_HOW TO COMPLETE THIS TASK_
Copy everything in the data below exactly except the pictures.

☆ ☆ ☆ ☆

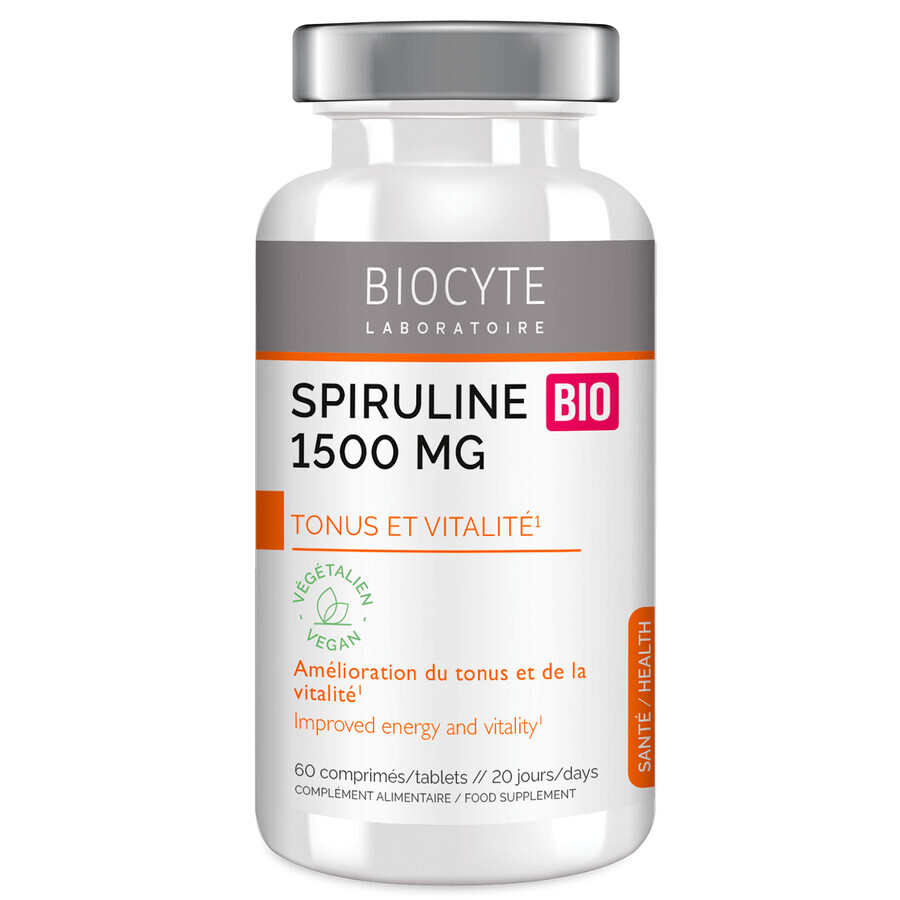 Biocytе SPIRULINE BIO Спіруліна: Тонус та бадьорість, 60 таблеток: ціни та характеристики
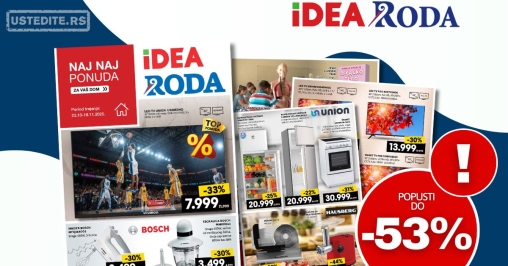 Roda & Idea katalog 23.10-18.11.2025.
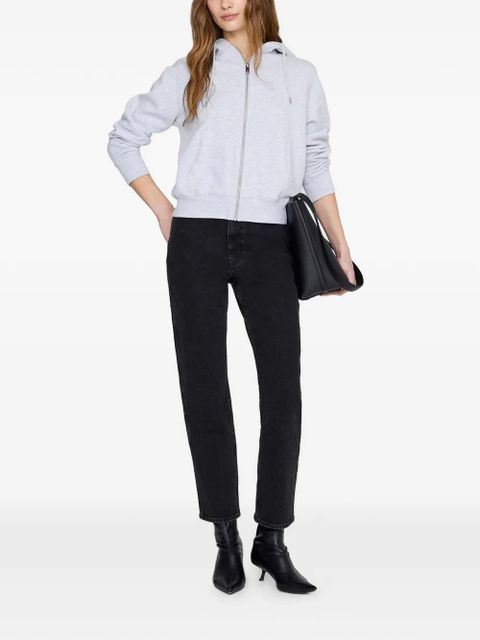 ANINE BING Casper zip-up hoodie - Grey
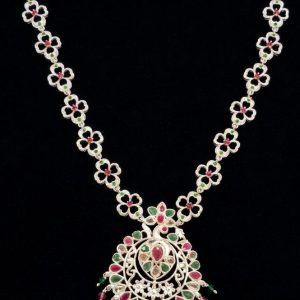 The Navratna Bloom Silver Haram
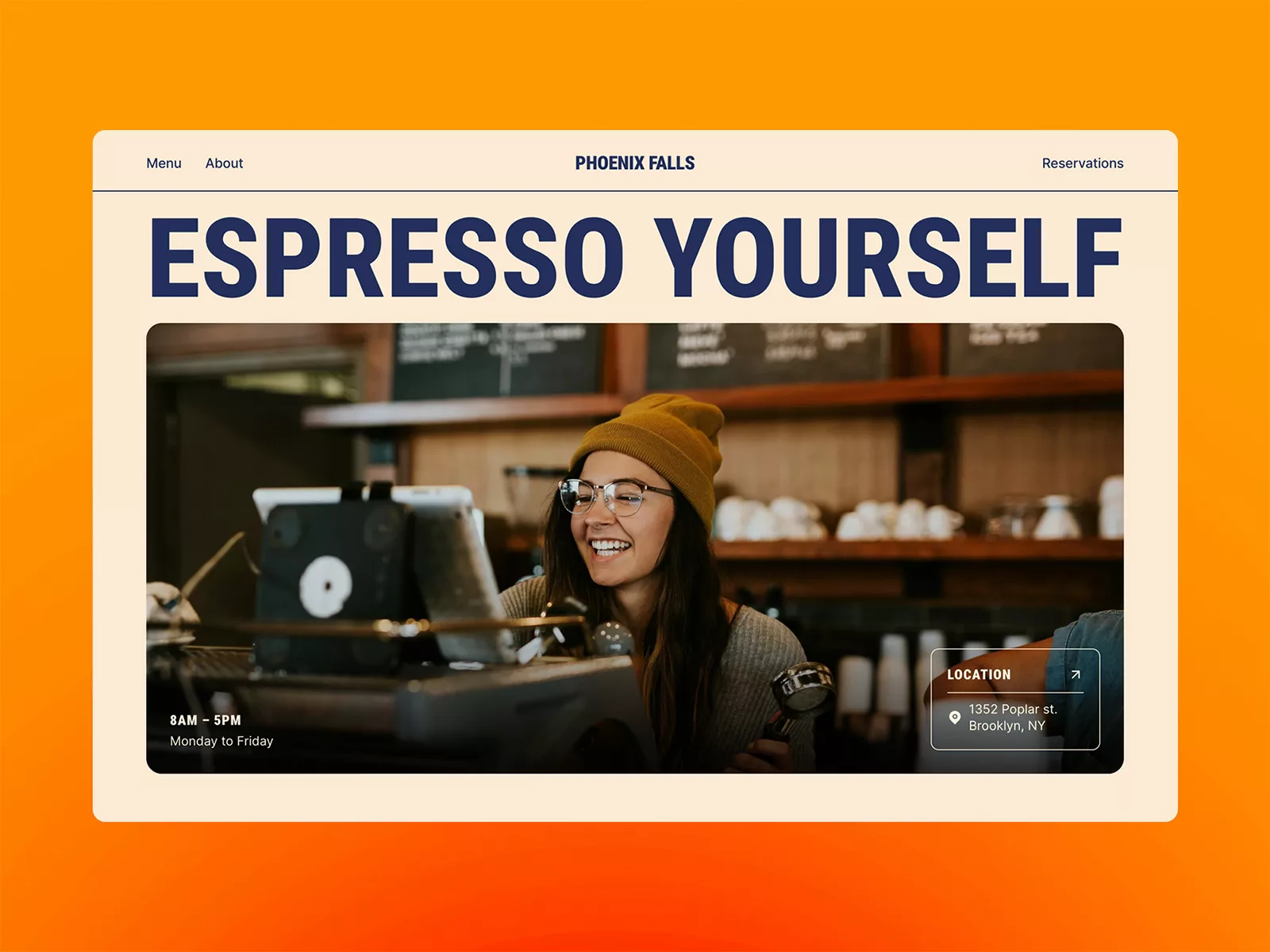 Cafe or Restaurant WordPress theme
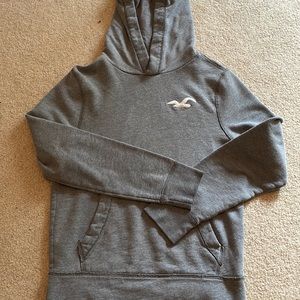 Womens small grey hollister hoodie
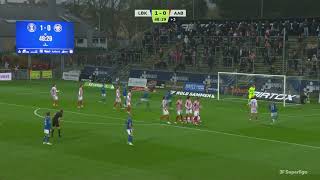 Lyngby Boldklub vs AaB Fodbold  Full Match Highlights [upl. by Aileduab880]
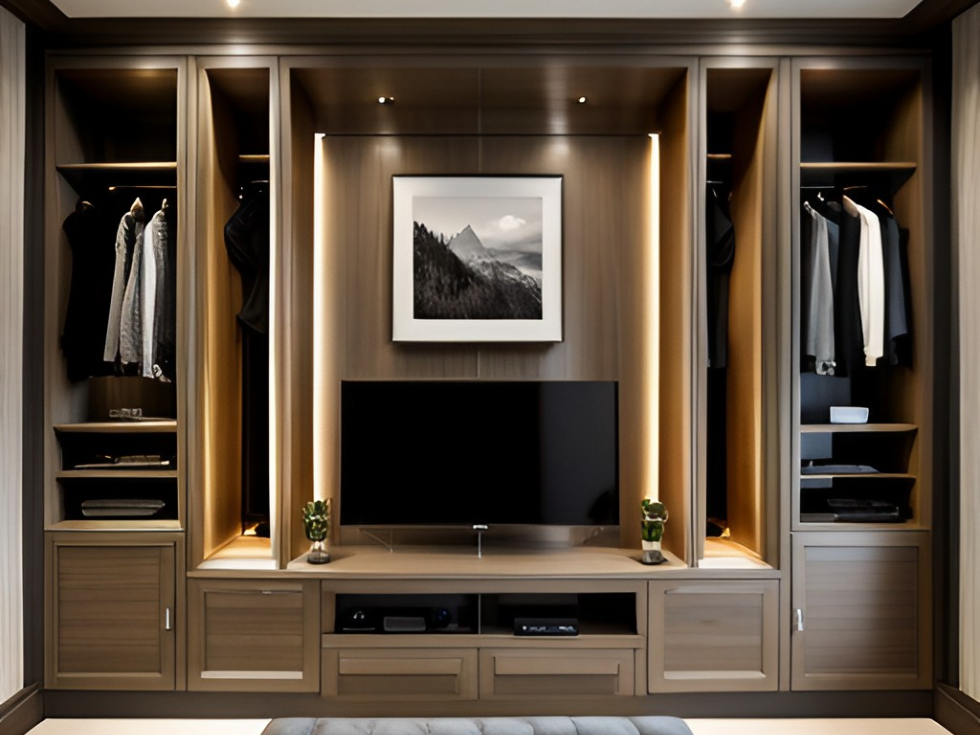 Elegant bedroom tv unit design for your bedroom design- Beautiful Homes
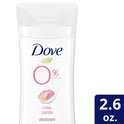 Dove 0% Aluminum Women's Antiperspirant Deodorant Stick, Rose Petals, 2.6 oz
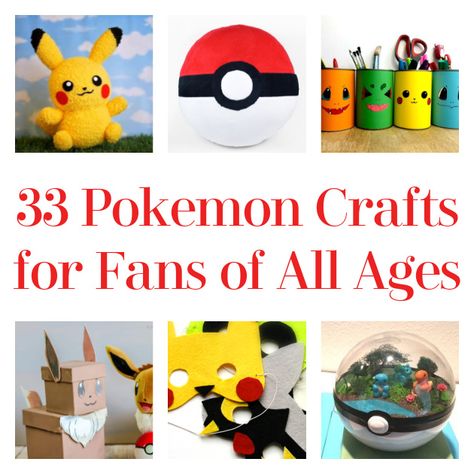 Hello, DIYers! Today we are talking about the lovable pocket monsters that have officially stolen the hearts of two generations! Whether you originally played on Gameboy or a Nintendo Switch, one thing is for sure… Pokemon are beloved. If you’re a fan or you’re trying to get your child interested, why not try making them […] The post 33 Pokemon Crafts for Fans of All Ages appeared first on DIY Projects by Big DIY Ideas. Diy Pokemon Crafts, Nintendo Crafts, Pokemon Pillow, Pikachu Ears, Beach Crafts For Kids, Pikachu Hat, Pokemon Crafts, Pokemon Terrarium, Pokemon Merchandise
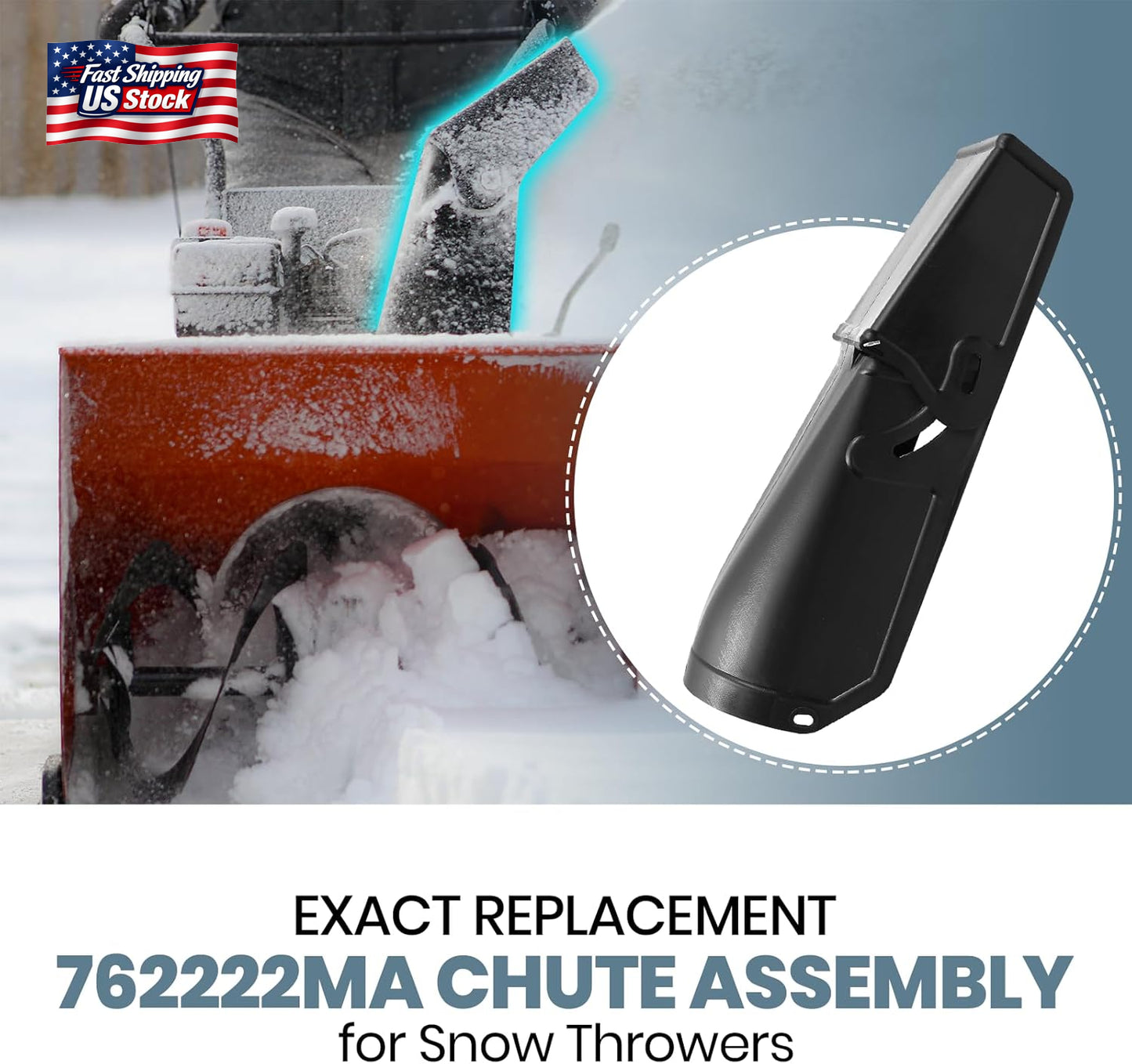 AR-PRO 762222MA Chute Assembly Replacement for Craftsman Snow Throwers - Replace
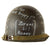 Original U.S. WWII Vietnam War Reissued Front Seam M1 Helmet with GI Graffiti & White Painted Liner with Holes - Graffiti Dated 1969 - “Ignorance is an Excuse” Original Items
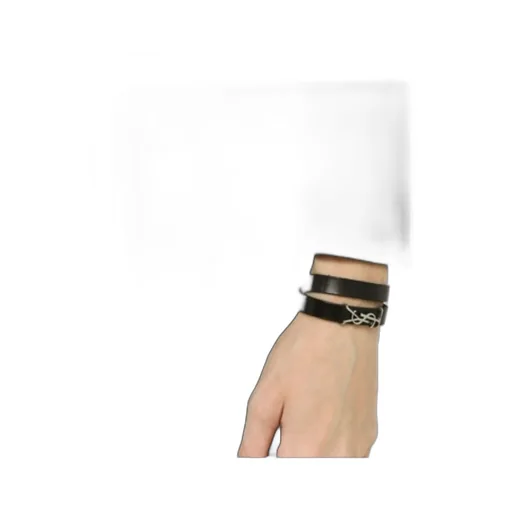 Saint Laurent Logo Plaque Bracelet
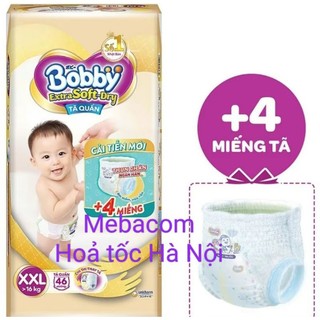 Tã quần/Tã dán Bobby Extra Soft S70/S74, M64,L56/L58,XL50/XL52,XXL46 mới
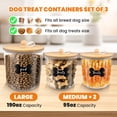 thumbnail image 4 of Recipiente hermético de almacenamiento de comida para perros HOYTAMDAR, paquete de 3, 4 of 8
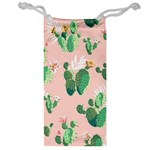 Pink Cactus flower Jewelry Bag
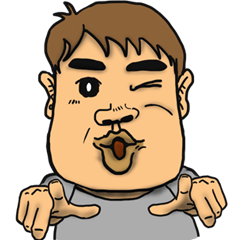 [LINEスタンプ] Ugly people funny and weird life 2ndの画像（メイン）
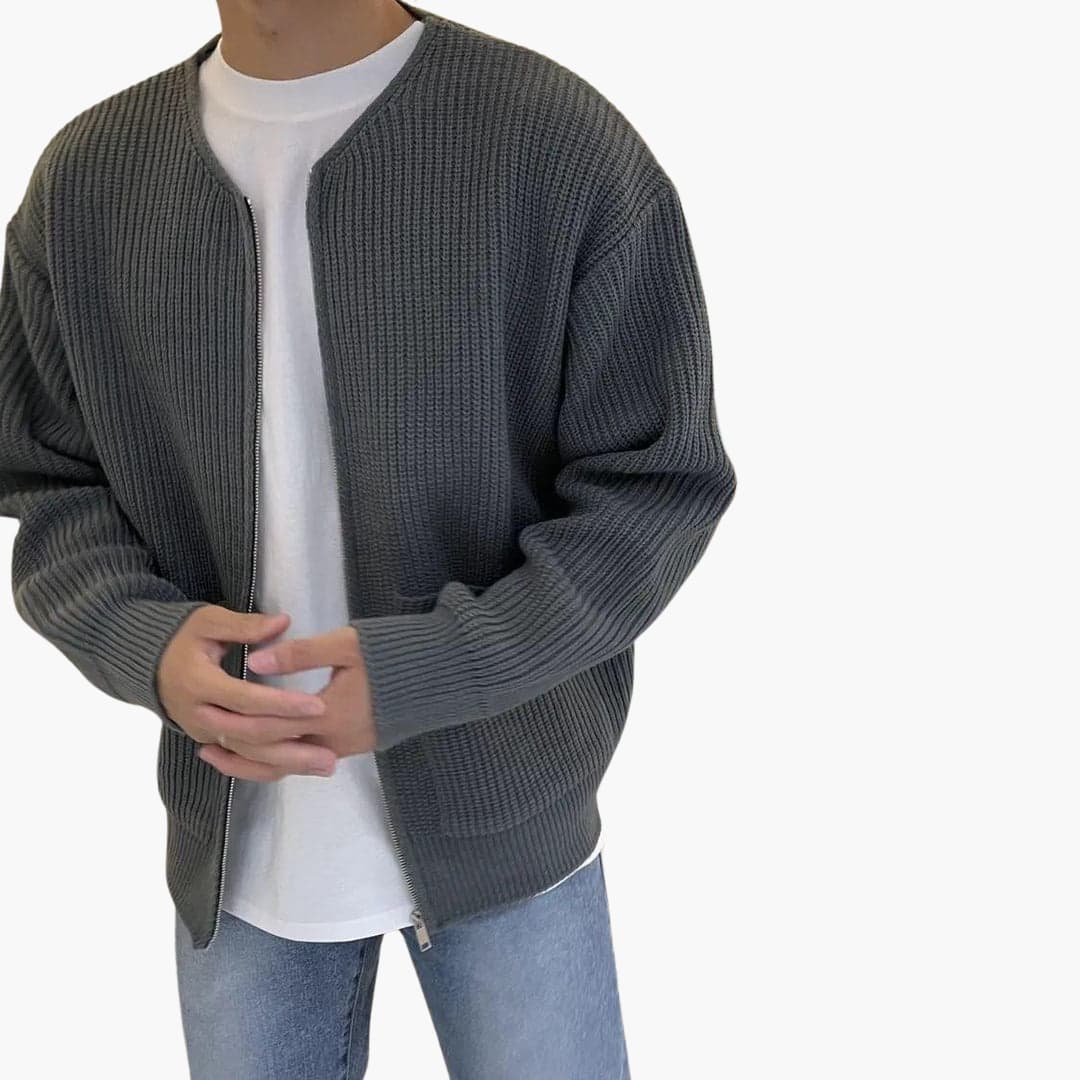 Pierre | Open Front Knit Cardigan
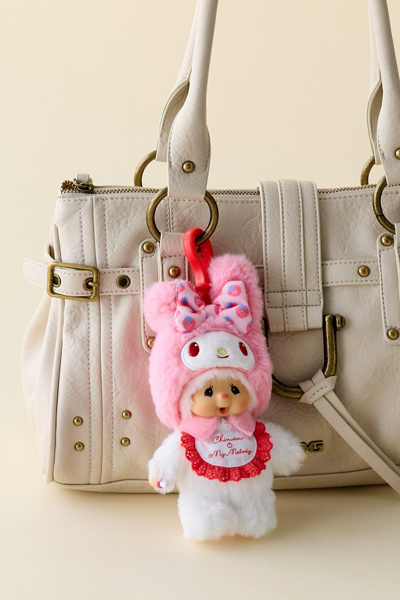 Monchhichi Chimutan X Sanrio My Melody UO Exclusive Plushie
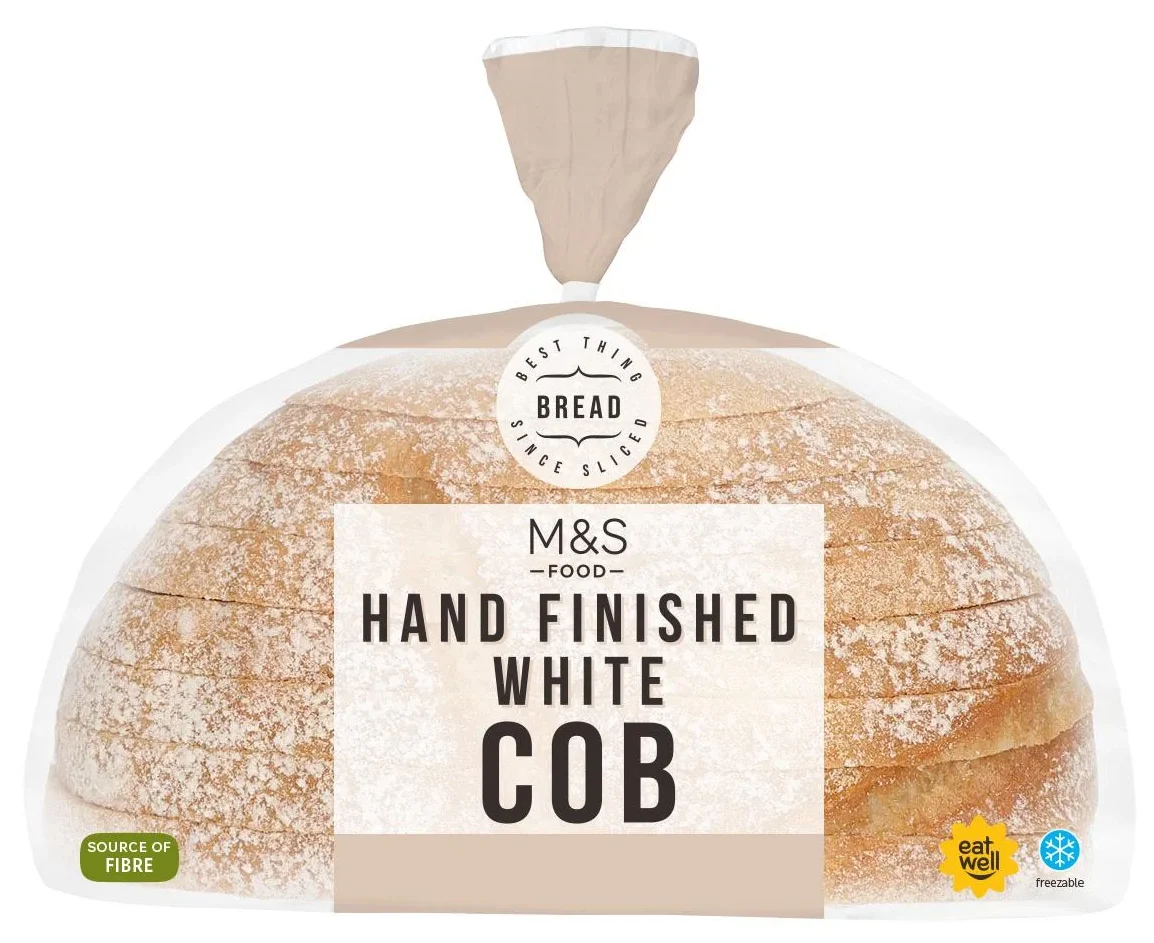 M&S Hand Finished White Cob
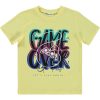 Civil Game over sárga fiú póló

☆ ☆ ☆ ☆

_FINAL ANSWER_
 Biocytе SPIRULINE BIO Спіруліна: Тонус та бадьорість, 60 таблеток: ціни та характеристики
 Roda & Idea katalog 23.10-18.11.2025.
 ANINE BING Casper zip-up hoodie - Grey
 The Navratna Bloom Silver Haram
 Cafe or Restaurant WordPress theme
 Womens small grey hollister hoodie
 Lyngby Boldklub vs AaB Fodbold  Full Match Highlights [upl. by Aileduab880]
 Elegant bedroom tv unit design for your bedroom design- Beautiful Homes
 Dove 0% Aluminum Women's Antiperspirant Deodorant Stick, Rose Petals, 2.6 oz
 Hello, DIYers! Today we are talking about the lovable pocket monsters that have officially stolen the hearts of two generations! Whether you originally played on Gameboy or a Nintendo Switch, one thing is for sure… Pokemon are beloved. If you’re a fan or you’re trying to get your child interested, why not try making them […] The post 33 Pokemon Crafts for Fans of All Ages appeared first on DIY Projects by Big DIY Ideas. Diy Pokemon Crafts, Nintendo Crafts, Pokemon Pillow, Pikachu Ears, Beach Crafts For Kids, Pikachu Hat, Pokemon Crafts, Pokemon Terrarium, Pokemon Merchandise
 AR-PRO 762222MA Chute Assembly Replacement for Craftsman Snow Throwers - Replace
 Original U.S. WWII Vietnam War Reissued Front Seam M1 Helmet with GI Graffiti & White Painted Liner with Holes - Graffiti Dated 1969 - “Ignorance is an Excuse” Original Items
 Saint Laurent Logo Plaque Bracelet
 Tã quần/Tã dán Bobby Extra Soft S70/S74, M64,L56/L58,XL50/XL52,XXL46 mới
 thumbnail image 4 of Recipiente hermético de almacenamiento de comida para perros HOYTAMDAR, paquete de 3, 4 of 8
 Pink Cactus flower Jewelry Bag
 [LINEスタンプ] Ugly people funny and weird life 2ndの画像（メイン）
 Pierre | Open Front Knit Cardigan
 Monchhichi Chimutan X Sanrio My Melody UO Exclusive Plushie
 M&S Hand Finished White Cob
 Civil Game over sárga fiú póló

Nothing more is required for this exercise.